O blogueiro e autor Nick Sais, da “Australian Preppers”, viu os downloads de seu manual se multiplicarem exponencialmente semana após semana. Ele vê o tráfego crescente em seu site como um sinal de um estado de espírito coletivo. “É uma maneira de ganhar algum controle, onde a grande figura está fora de controle”, diz ele.

Sais é um eletricista que passou vários anos na reserva do exército e sempre teve interesse em sobreviver, mas com o tempo seu hobby se tornou algo mais. “Eu não acho que as pessoas entendam o quão frágil é o sistema”, diz ele.

Onde costumava haver incursões ocasionais no mato com equipamentos mínimos para testar sua coragem, agora existem vários esconderijos enterrados em locais específicos, mas remotos, em terras públicas. Os esconderijos possuem feijões secos, arroz, purificadores de água e dispositivos iniciadores de fogo. “Algumas pessoas dizem – bem, e se você nunca usá-lo. Mas não custa muito e, se precisarmos, estará lá”.

Ele também aprendeu a caçar animais selvagens usando armadilhas e arco e flecha. “Tudo o que eu mato, eu vou comer, eu não perco nada. Percebi que tinha que aprender a ter alguma chance de sobreviver.

“Quando eu estava crescendo, passamos pela guerra fria. Foi uma época tensa, mas não havia a sensação de que terminaria em uma guerra nuclear”, diz ele.

“Mas eu não tenho tanta certeza agora. Com algumas das pessoas no poder no momento, você não pode escolher o final do jogo. Acho que estamos à beira da guerra… seja nuclear ou ‘boots on the ground’1, não vai ser legal ”.

Para Sais, é um assunto de família. Ele e a esposa não têm filhos, mas sua família mais ampla de sobrinhas e sobrinhos costuma ir ao mato para aprender a construir abrigo e a acender uma fogueira. Eles se divertem acampando, mas também treinando sobrevivência. Seus pais também conhecem os locais dos esconderijos. Se eles estão dispostos ou não a ir lá no caso de uma “situação”, ele não tem certeza. “Nós tivemos conversas”, diz ele.

“Algumas pessoas querem fazer o que for preciso para sobreviver ao holocausto. Você precisa se perguntar se está pronto para estar em um mundo que não reconhece ou prefere sair rapidamente. É mórbido, mas é uma questão válida. Eu sei que minha esposa se virou às vezes e disse que não, mas acho que posso”.

Sais enfatiza que não se trata apenas de se preparar para o armagedom. A ideia é que, se você planejar o pior, e então algo pequeno acontecer, você está pronto para seguir.
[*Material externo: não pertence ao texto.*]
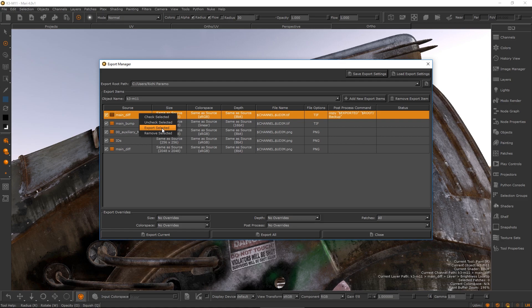We think the export manager is really going to optimize how you get your paint down the pipeline.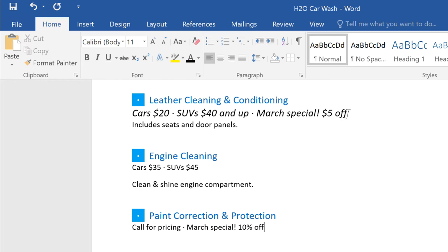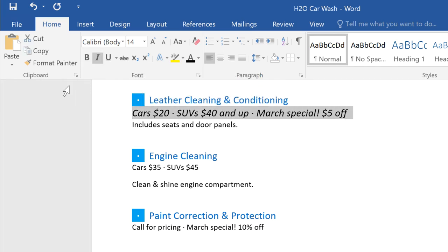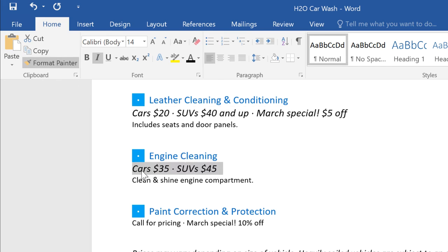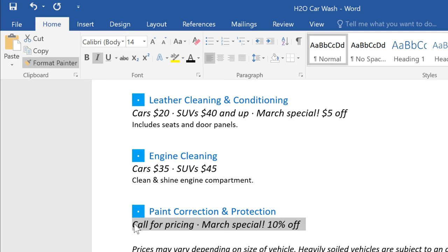You can leave the Format Painter on by giving it two rapid clicks. This will let you copy formatting to multiple lines of text. Just continue selecting the text you'd like to format. When you're finished, click the button again to turn it off.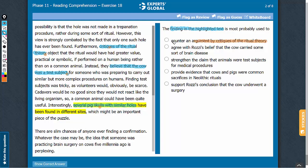However, this answer choice indicates that the highlighted text counters the view, which is opposite of what is indicated in the passage. So, let's eliminate this answer choice.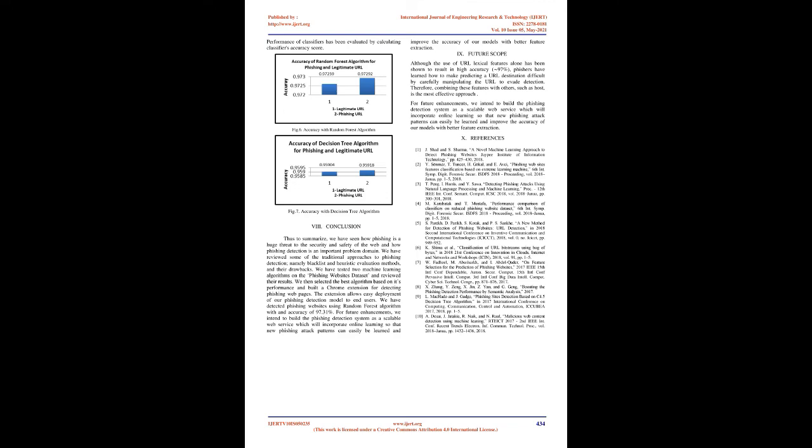Future scope: Although the use of URL lexical features alone has been shown to result in high accuracy, 97%, phishers have learned how to make predicting a URL destination difficult by carefully manipulating the URL to evade detection. Therefore, combining these features with others, such as host, is the most effective approach. For future enhancements, we intend to build the phishing detection system as a scalable web service which will incorporate online learning so that new phishing attack patterns can easily be learned and improve the accuracy of our models with better feature extraction.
Seu site e manual de preparação fornece dicas práticas para pessoas em comunidades rurais que podem ser afetadas por incêndios ou inundações, por exemplo.

Ele reconhece que pode haver um estigma associado à palavra “prepper”, mas enfatiza que é apenas estar preparado – seja para o armagedom ou apenas para um pneu furado que acontece com qualquer indivíduo.

“Eu não acho que as pessoas
entendam o quão frágil é o sistema”
Nick Sais, Preparador Australiano

O professor e autor associado Mick Broderick, que tem uma fascinação de décadas com cenários apocalípticos da era atômica, diz que cada geração tem se preocupado com o “fim dos tempos”, mas reconhece que somos as primeiras gerações a saber que uma guerra termonuclear poderia extinguir a maioria da vida no planeta.

“Antes da era nuclear, pensava-se que apenas uma divindade irada ou força natural (pandemia, colisão planetária, etc) traria o fim do mundo”, diz ele. “Mas em algum momento na década de 1980, ficou claro que havia tantas armas nucleares no planeta que poderíamos literalmente trazer o fim, não apenas do Homo sapiens, mas praticamente extinguir a maior parte da vida na Terra através de uma guerra nuclear”, diz ele.

“Vivemos em uma era que, com 15 minutos de aviso prévio, armas nucleares poderiam cruzar os continentes e causar uma grande devastação. No entanto, nós negamos isso, cuidamos dos nossos negócios, continuamos ensinando, dirigimos nossos carros para o trabalho. Nós reprimimos ao ponto de não darmos nenhum pensamento consciente real. ”

Broderick diz que os governos apresentam a ideia de sobrevivência baseada em uma “concepção artística” da década de 1950 (“Duck and Cover”2, algo assim?), mas qualquer prepper que dá valor ao seu feijão seco sabe que a propriedades rurais é o padrão ouro da sobrevivência. Ele explica que em uma guerra termonuclear global, se você estiver em uma cidade, provavelmente você estará torrado.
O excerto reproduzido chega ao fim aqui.